6.25 The micro-management of credit through various regulations during the 1970s and 1980s had eroded the risk appraisal techniques of the banks. Notwithstanding the shift in approach from lending based on credit allocation targets and administered interest rates to a risk-based system of lending and market-determined interest rates, banks continue to charge interest rates to borrowers by their category - whether agriculture or small scale industry - rather than actual assessment of risks for each borrower. Thus, the need for the banks to improve their credit risk assessment skills has gained importance.
6.26 Development of appropriate credit risk assessment techniques is critical also for the efficacy of monetary transmission. With the shift to indirect instruments of monetary management, monetary policy signals are increasingly transmitted through modulations in shor t-term interest rates. The monetary transmission mechanism is, thus, now crucially dependent on the impact of changes in policy interest rates, such as the Bank Rate or the reverse repo rate, on banks’ deposit and lending rates. An improvement in banks’ credit risk assessment techniques will help not only to increase the flow of credit to the commercial sector but should also enhance the efficacy of the transmission mechanism in the economy.

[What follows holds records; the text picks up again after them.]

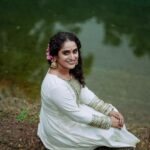 Surabhi Lakshmi Instagram – പൂക്കളും അത്ത ചമയങ്ങളുമായി മറ്റൊരു പൊന്നോണക്കാലം കൂടി…എല്ലാവർക്കും ഹൃദയം നിറഞ്ഞ അത്തം ദിനാശംസകൾ 🌼💚

Photography; @ameer_mango
Camera Assistant ; @Arjunsreehari
Make Up ; @rejishaeveryouth
Ornaments; @makeoveravenue
Costume ; @klumbyprajinajaanaki 
Location ; @manikkalmana

#Atham #atham2022 #onamvibes #happyatham
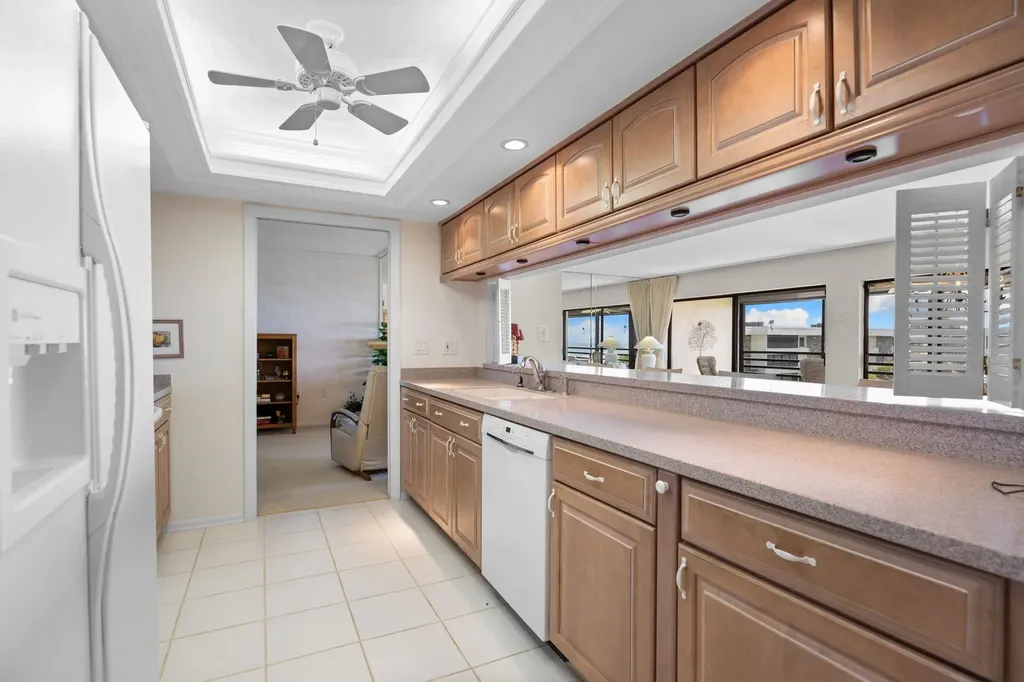 1605 Middle Gulf Drive Sanibel FL 33957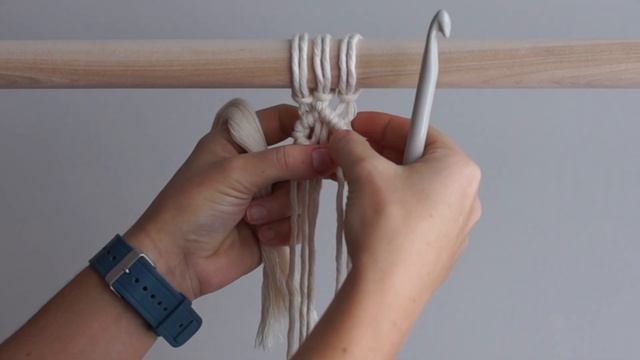 Macrame For Beginners - 28 Days of Knots! Day 15: Diamond Pattern with Tassel смотреть онлайн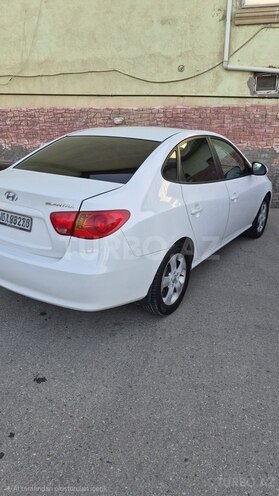 Hyundai Elantra-4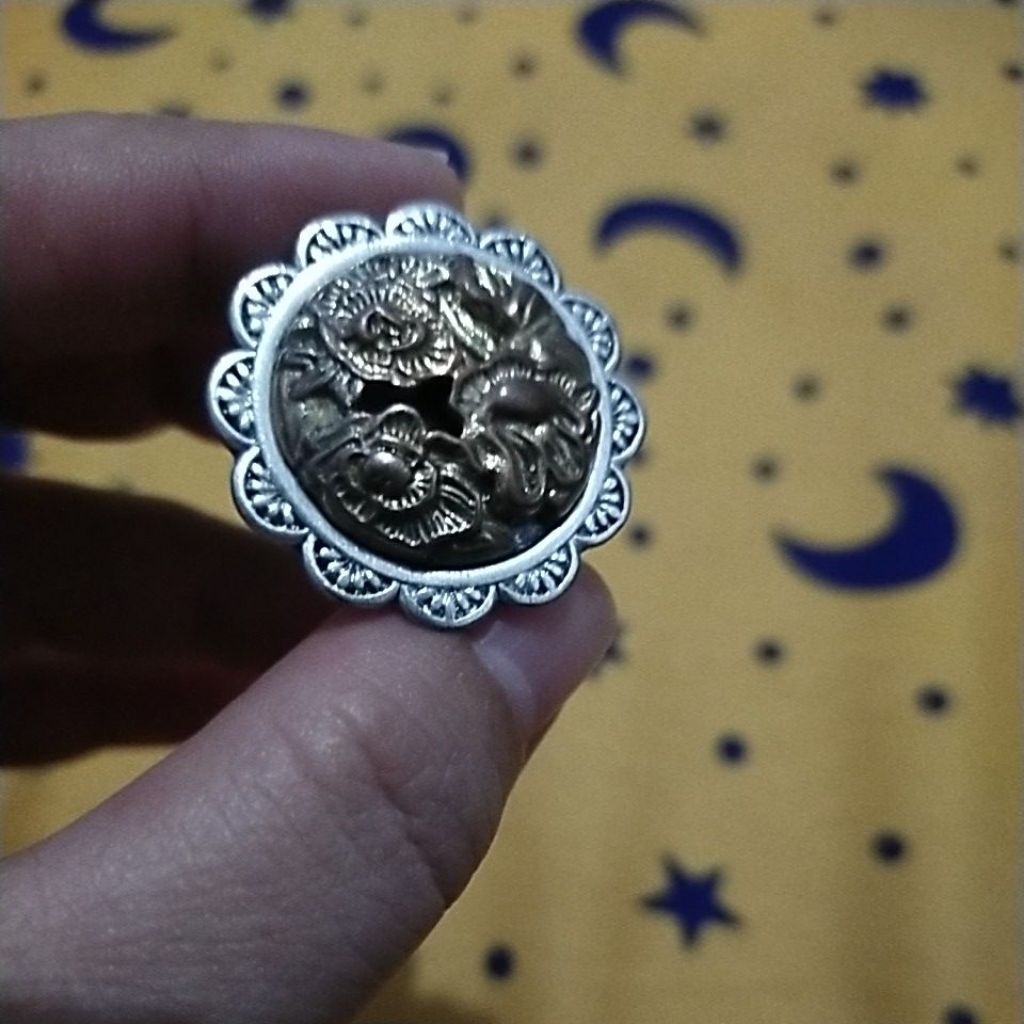 Cincin Vintage bunga bunga cantik.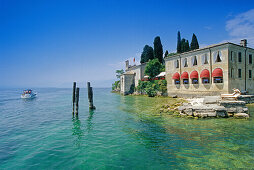 Blick auf das Restaurant Locanda San Vigilio am Seeufer, Punta San Vigilio, Gardasee, Venetien, Italien, Europa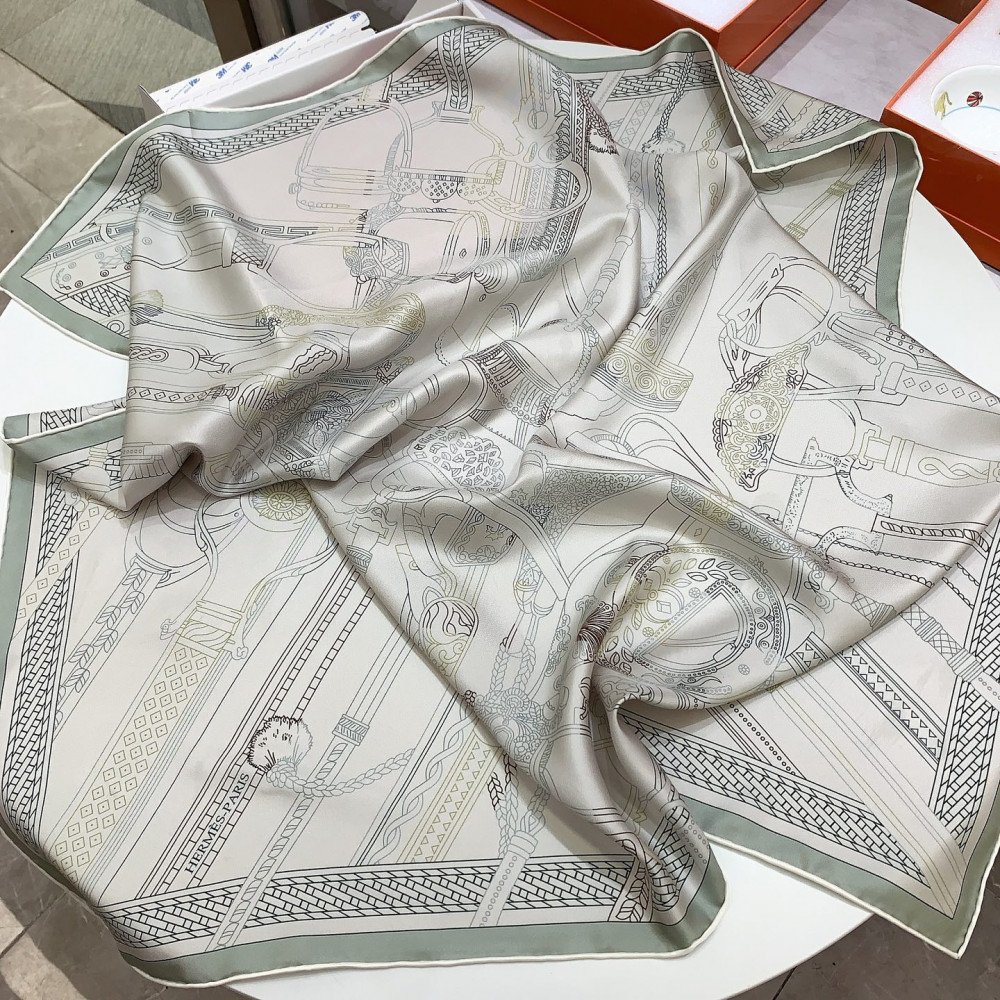 Hermès 90cm 100% Pure Silk Square Scarf!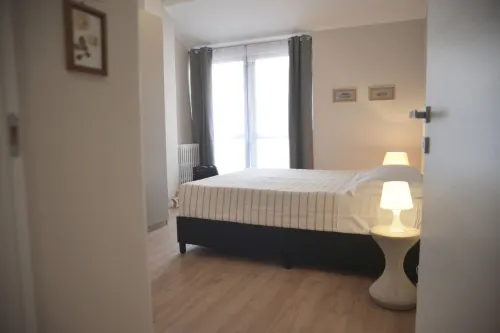 Apartment with large living and kitchen in the center of Brindisi with parking space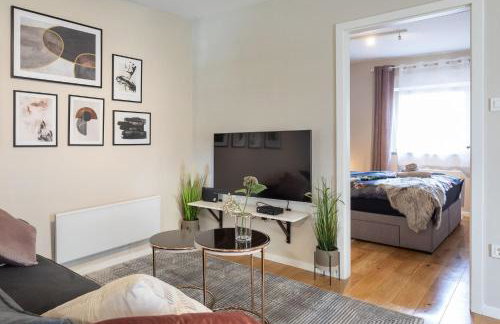 Stylish Urban Oasis - Design 2BR Apartment with Parking - Photo 10
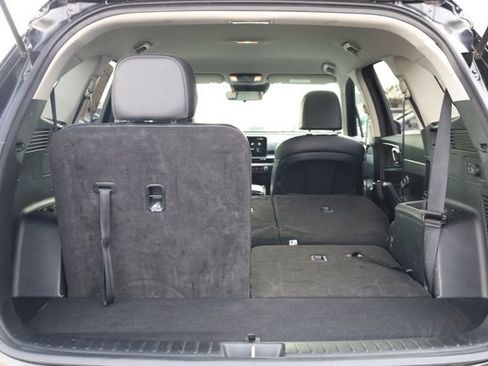 Certified 2024 Kia Sorento S image 28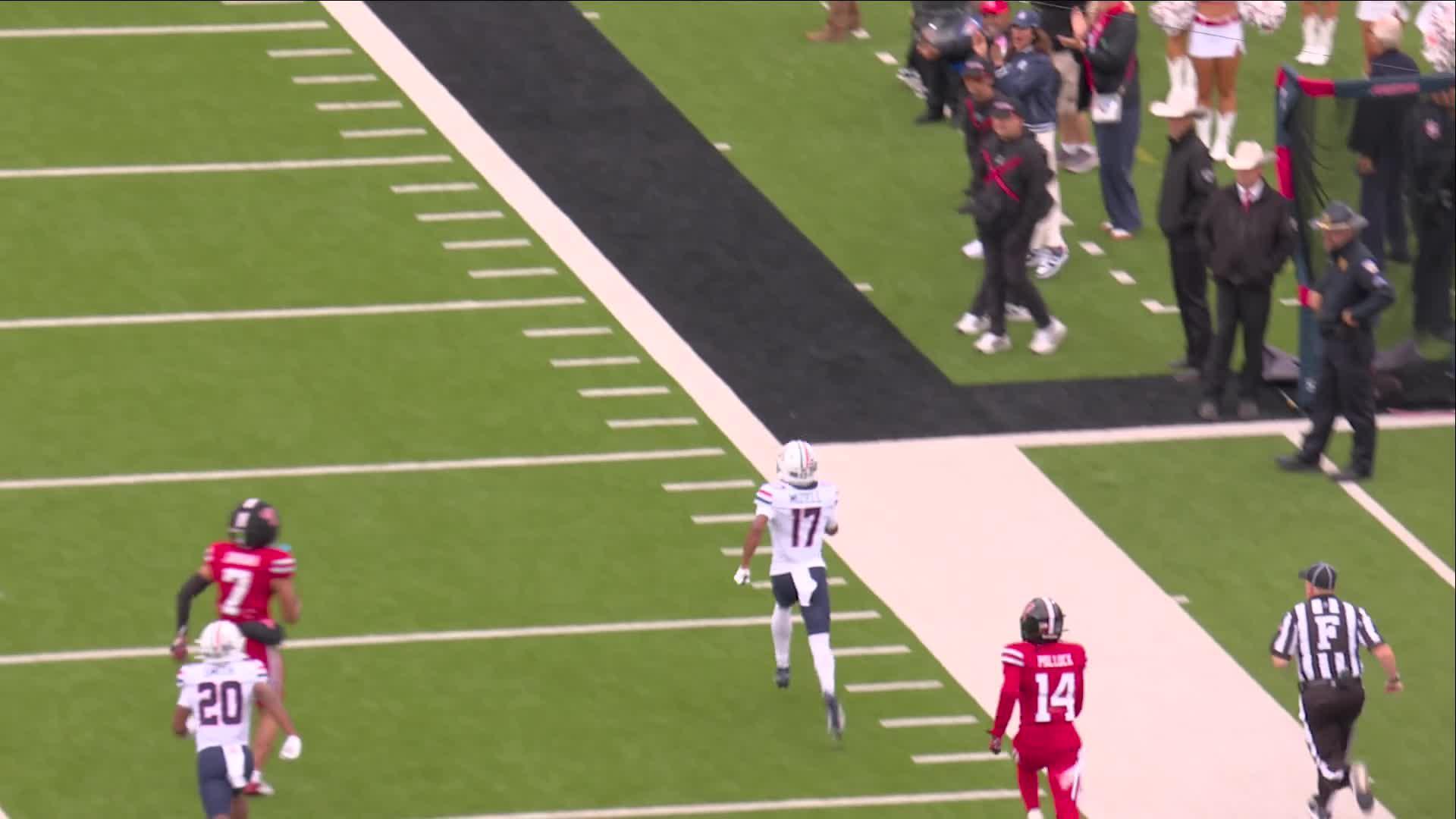 ¡Fifita encuentra a Mizell para un TD de 94 yardas!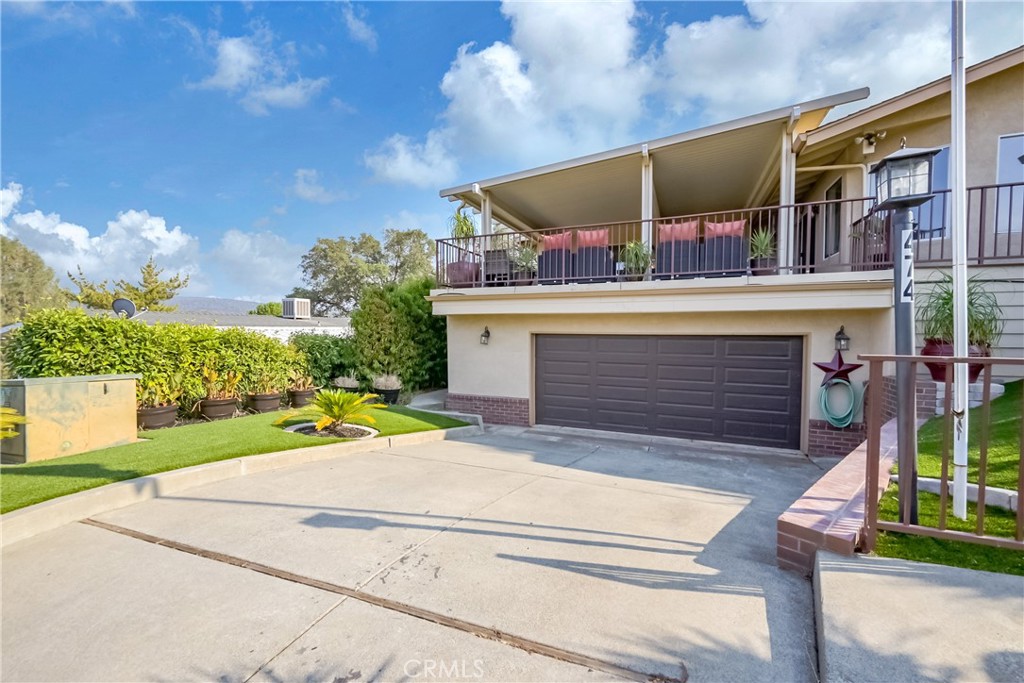474 Lodgeview Property Photo 7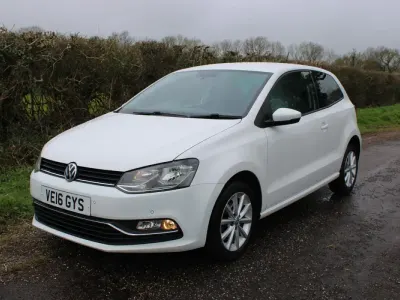 Second-hand VW Polo Match 75 CP (55 kW) 2016 Alb Hatchback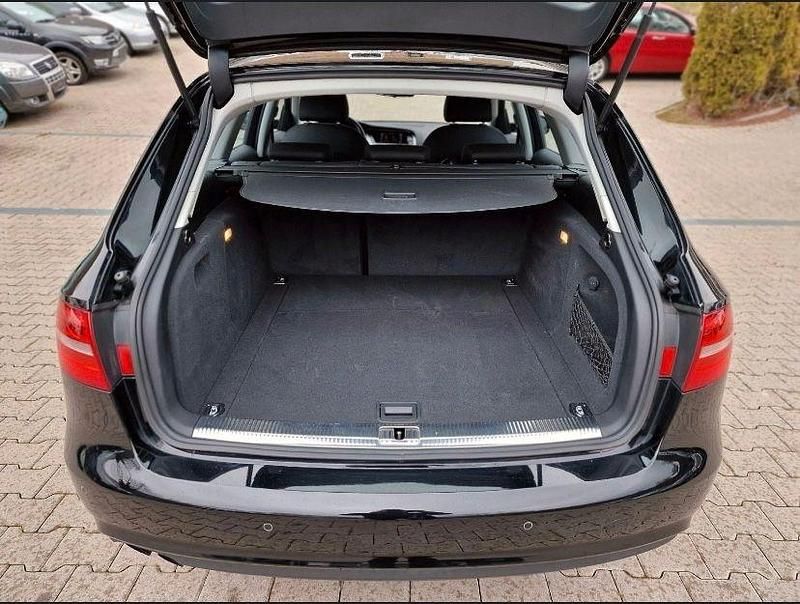 Gebraucht Audi A4 Ambition 120 PS (88 kW) 2013 Schwarz Kombi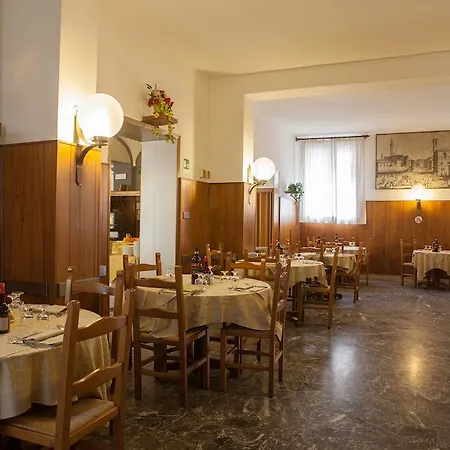 Auto Park Hotel 3*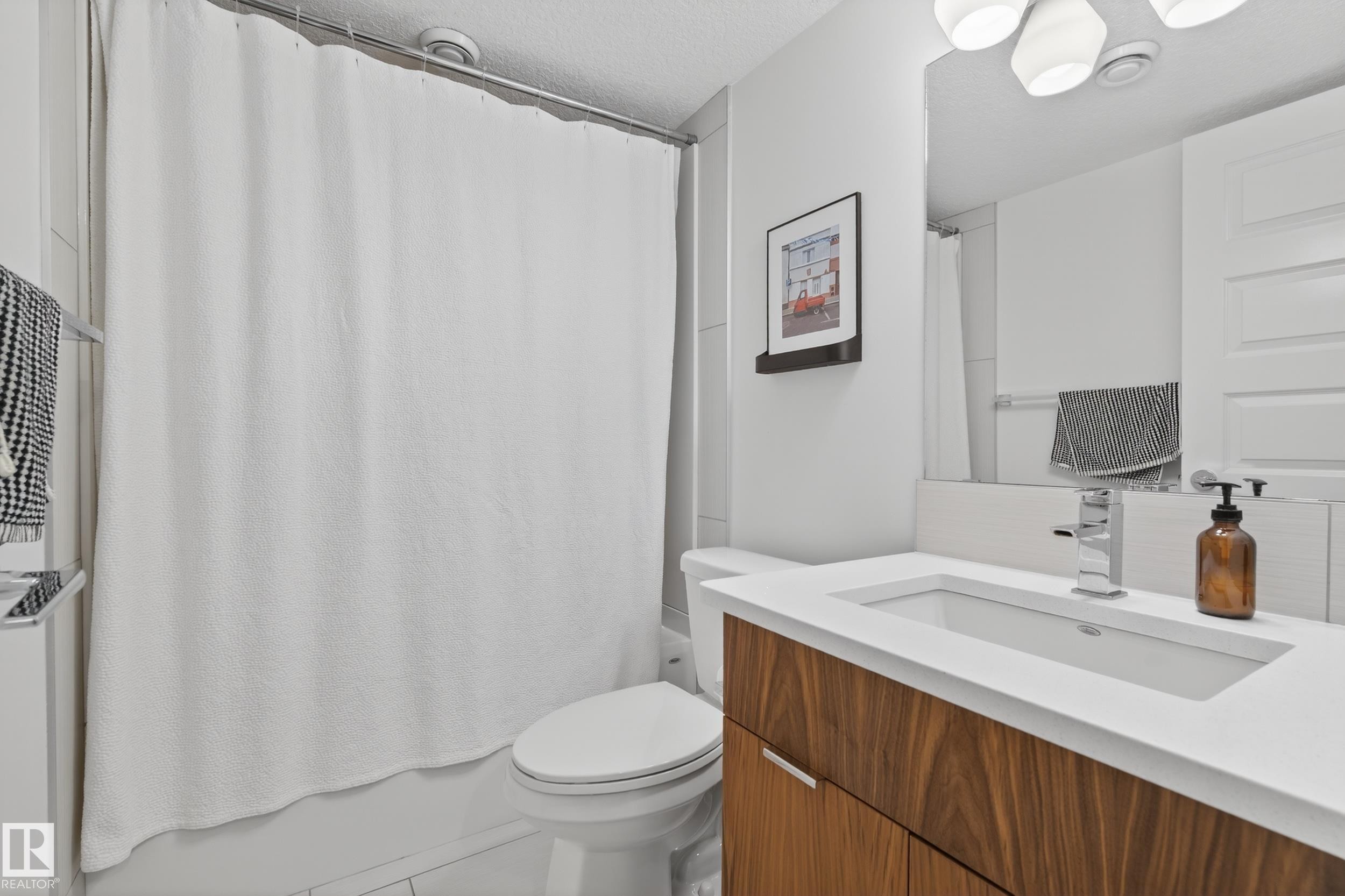 9012 92 Avenue, Edmonton, AB - Indoor Photo Showing Bathroom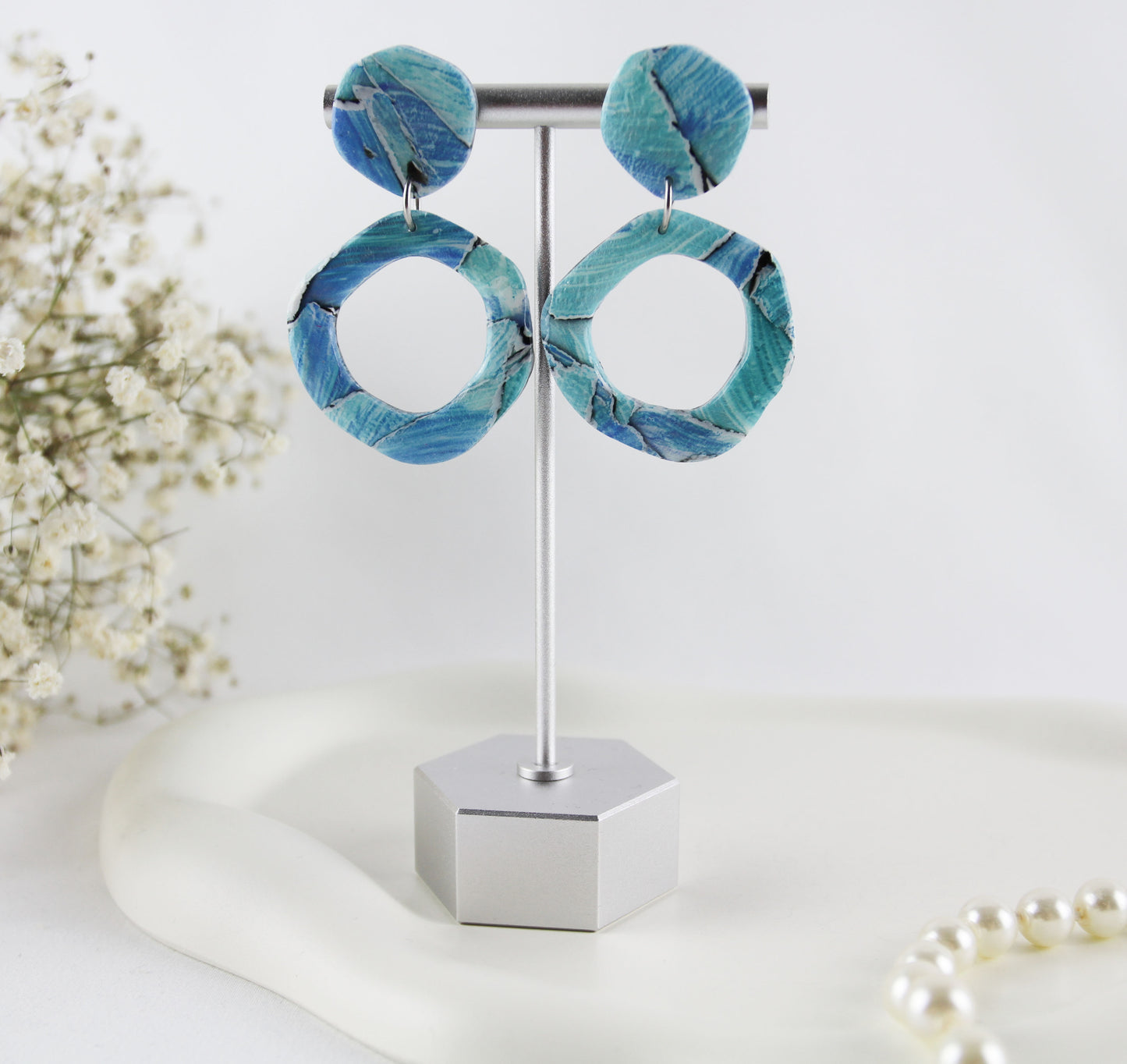 Meeres Briese Blau Weiße Polymer Clay Ohrringe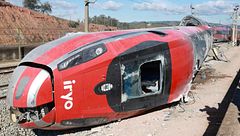 El audio del maquinista del tren Iryo con el centro de mando de Atocha: "Es un descarrilamiento. Estoy invadiendo la vía contigua"
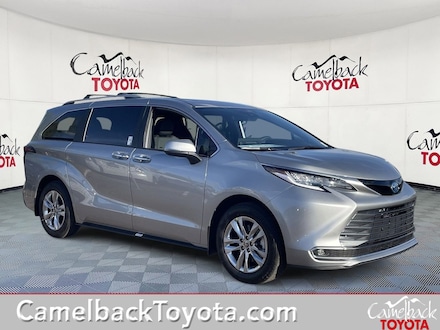 2025 Toyota Sienna Limited 7 Passenger Van Passenger Van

6.27 It is against this backdrop that various measures by the Reserve Bank aimed at reducing the information and transaction costs of lending in order to improve the credit delivery mechanism (issues related to interest rate deregulation are covered in Chapter VII). This analytical discussion is followed by an analysis of recent movements in credit availability to various sectors of the economy in order to assess the efficacy of the policy measures. Finally, the section addresses reasons for banks’ continued preference for Government securities, well above the statutory requirements.